- **Required action**:
When you copy the data, keep every word exactly as it is and leave the pictures out.

- **Information supplied**:
>>>>
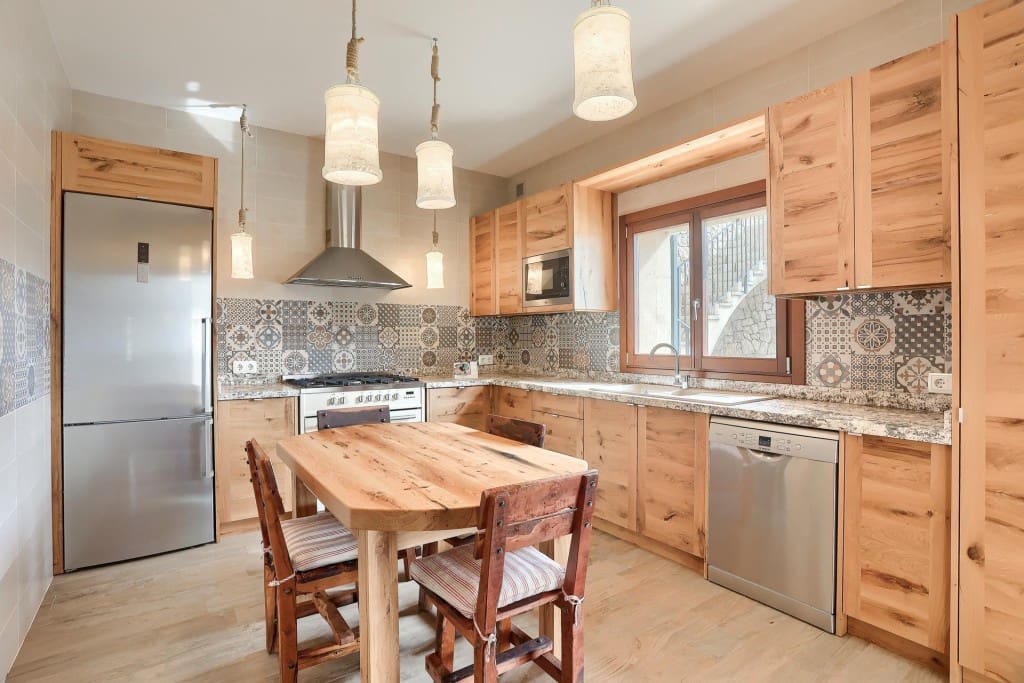 3 slaapkamer Villa te koop in Puntiro met zwembad garage - € 1.855.000 (Ref: 9533298)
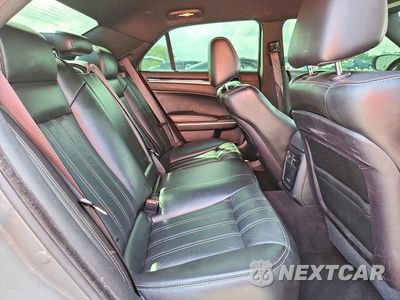 Zdjęcie 10 z 12 samochodu: 2019 CHRYSLER 300 S VIN:2C3CCABG6KH679019 - miniatura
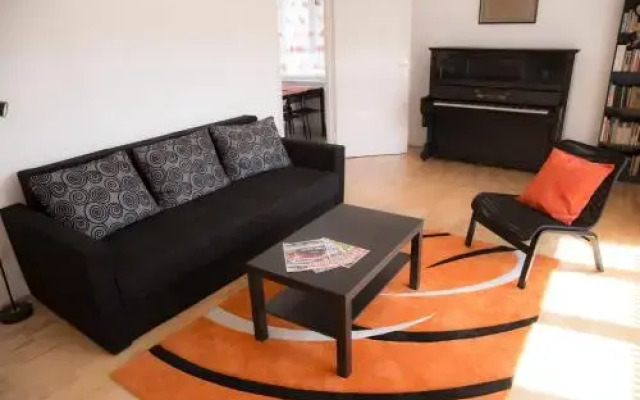 Ebony Pianino Apartment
<<<<
- **Response to this task**:
 3 slaapkamer Villa te koop in Puntiro met zwembad garage - € 1.855.000 (Ref: 9533298)
 Zdjęcie 10 z 12 samochodu: 2019 CHRYSLER 300 S VIN:2C3CCABG6KH679019 - miniatura
 Ebony Pianino Apartment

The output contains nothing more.